EXERCISE PROMPT:
Reproduce the data in its entirety, exactly as written.

DATA SUPPLIED:
- Opening Delimiter -

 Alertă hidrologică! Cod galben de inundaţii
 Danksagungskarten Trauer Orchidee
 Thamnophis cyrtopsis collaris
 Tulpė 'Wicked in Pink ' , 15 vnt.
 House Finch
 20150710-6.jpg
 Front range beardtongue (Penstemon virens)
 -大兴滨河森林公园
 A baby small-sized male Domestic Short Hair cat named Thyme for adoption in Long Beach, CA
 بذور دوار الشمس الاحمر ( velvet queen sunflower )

- Closing Delimiter -

RESPONSE TO THE EXERCISE:
 Alertă hidrologică! Cod galben de inundaţii
 Danksagungskarten Trauer Orchidee
 Thamnophis cyrtopsis collaris
 Tulpė 'Wicked in Pink ' , 15 vnt.
 House Finch
 20150710-6.jpg
 Front range beardtongue (Penstemon virens)
 -大兴滨河森林公园
 A baby small-sized male Domestic Short Hair cat named Thyme for adoption in Long Beach, CA
 بذور دوار الشمس الاحمر ( velvet queen sunflower )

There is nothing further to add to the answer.